The rankings are compiled by scraping the monthly author pages from
the tutor archives, using Beautiful Soup to extract author names. I
consolidate counts for different capitalizations of the same name but
not for different spellings. The script is below.

Kent

''' Counts all posts to Python-tutor by author'''
# -*- coding: latin-1 -*-
from datetime import date, timedelta
import operator, urllib2
from BeautifulSoup import BeautifulSoup

today = date.today()

for year in range(2009, 2010):
    startDate = date(year, 1, 1)
    endDate = date(year, 12, 31)
    thirtyOne = timedelta(days=31)
    counts = {}

    # Collect all the counts for a year by scraping the monthly author
archive pages
    while startDate < endDate and startDate < today:
        dateString = startDate.strftime('%Y-%B')

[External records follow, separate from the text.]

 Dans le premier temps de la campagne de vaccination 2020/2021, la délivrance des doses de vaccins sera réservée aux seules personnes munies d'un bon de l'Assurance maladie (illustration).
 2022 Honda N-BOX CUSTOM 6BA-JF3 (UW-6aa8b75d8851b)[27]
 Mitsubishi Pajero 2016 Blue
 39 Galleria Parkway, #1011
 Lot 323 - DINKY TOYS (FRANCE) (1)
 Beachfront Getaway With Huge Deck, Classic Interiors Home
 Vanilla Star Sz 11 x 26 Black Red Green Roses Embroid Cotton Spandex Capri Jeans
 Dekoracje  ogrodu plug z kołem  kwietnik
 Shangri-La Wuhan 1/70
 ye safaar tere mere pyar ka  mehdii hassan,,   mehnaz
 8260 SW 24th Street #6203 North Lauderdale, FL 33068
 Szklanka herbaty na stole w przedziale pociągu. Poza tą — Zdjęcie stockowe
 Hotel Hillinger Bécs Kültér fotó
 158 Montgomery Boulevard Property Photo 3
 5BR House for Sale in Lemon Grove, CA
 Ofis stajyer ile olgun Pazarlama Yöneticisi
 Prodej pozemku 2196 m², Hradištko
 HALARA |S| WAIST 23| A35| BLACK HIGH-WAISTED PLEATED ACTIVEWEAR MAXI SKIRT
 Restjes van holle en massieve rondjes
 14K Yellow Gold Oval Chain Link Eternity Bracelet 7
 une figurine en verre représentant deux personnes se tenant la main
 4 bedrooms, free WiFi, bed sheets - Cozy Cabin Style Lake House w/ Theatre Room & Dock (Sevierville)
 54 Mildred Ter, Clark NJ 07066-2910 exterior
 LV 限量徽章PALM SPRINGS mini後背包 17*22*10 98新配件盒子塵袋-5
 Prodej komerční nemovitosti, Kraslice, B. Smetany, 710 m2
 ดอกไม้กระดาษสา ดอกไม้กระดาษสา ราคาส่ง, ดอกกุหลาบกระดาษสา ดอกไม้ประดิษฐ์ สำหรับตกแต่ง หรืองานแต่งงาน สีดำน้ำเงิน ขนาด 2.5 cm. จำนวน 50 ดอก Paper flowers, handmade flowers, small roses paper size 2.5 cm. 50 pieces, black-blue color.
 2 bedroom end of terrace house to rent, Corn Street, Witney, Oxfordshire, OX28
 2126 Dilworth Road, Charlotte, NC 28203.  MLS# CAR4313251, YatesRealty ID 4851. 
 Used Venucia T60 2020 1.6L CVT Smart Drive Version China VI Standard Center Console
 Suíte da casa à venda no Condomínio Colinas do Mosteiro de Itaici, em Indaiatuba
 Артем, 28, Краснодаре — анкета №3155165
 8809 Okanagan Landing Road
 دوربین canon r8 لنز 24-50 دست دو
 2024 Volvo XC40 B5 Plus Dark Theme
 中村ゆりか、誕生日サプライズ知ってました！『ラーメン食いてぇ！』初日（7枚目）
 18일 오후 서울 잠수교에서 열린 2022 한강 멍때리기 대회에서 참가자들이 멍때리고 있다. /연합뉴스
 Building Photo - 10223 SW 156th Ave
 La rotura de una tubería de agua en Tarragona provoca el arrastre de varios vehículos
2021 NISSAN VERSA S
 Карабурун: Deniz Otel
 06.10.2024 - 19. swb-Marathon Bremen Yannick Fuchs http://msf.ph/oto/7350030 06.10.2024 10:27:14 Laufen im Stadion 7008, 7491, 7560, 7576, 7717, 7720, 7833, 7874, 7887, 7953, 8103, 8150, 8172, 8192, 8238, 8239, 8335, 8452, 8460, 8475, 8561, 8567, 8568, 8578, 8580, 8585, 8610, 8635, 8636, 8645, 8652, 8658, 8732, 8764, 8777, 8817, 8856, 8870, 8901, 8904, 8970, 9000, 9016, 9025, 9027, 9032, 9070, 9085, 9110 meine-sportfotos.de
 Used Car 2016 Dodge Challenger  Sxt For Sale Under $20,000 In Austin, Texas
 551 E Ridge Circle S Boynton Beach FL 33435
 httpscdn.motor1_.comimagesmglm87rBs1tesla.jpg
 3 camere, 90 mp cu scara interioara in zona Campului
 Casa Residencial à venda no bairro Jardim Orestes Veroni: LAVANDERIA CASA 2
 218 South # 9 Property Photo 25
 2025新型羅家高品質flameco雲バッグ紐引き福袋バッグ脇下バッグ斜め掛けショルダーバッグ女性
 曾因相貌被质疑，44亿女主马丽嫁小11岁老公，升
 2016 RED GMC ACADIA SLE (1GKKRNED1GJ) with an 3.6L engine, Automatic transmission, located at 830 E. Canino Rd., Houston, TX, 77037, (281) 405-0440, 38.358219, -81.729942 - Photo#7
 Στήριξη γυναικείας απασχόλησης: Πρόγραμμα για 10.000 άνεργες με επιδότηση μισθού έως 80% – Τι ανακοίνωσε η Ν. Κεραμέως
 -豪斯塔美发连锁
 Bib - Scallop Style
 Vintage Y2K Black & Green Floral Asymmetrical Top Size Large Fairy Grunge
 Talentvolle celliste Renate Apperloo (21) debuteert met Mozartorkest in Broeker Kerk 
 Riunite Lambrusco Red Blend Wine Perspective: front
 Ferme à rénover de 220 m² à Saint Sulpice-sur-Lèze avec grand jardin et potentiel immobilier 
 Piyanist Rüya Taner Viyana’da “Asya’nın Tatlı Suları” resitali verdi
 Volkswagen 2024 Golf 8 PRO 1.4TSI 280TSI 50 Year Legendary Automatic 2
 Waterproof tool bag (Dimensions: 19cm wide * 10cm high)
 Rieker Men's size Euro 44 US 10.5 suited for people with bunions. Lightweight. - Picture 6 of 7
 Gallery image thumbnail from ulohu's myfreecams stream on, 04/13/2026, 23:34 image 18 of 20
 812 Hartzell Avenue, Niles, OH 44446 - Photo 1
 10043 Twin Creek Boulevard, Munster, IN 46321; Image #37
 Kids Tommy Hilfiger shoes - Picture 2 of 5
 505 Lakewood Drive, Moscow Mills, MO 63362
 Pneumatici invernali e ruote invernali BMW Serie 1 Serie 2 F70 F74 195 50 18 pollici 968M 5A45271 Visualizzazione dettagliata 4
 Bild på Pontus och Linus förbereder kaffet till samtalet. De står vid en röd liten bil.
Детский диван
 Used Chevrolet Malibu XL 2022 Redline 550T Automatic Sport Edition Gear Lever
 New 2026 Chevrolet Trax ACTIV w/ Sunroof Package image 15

        url = 'http://mail.python.org/pipermail/tutor/%s/author.html'
% dateString
        data = urllib2.urlopen(url).read()
        soup = BeautifulSoup(data)

        li = soup.findAll('li')[2:-2]

        for l in li:
            name = l.i.string.strip()
            counts[name] = counts.get(name, 0) + 1

        startDate += thirtyOne

    # Consolidate names that vary by case under the most popular spelling
    nameMap = dict() # Map lower-case name to most popular name

    # Use counts.items() so we can delete from the dict.
    for name, count in sorted(counts.items(),
key=operator.itemgetter(1), reverse=True):
       lower = name.lower()
       if lower in nameMap:
          # Add counts for a name we have seen already and remove the duplicate
          counts[nameMap[lower]] += count
          del counts[name]
       else:
          nameMap[lower] = name

    totalPosts = sum(counts.itervalues())
    posters = len(counts)

    print
    print '%s (%s posts, %s posters)' % (year, totalPosts, posters)
    print '===='
    for name, count in sorted(counts.iteritems(),
key=operator.itemgetter(1), reverse=True)[:20]:
        pct = round(100.0*count/totalPosts, 1)
        print '%s %s (%s%%)' % (name.encode('utf-8',
'xmlcharrefreplace'), count, pct)
    print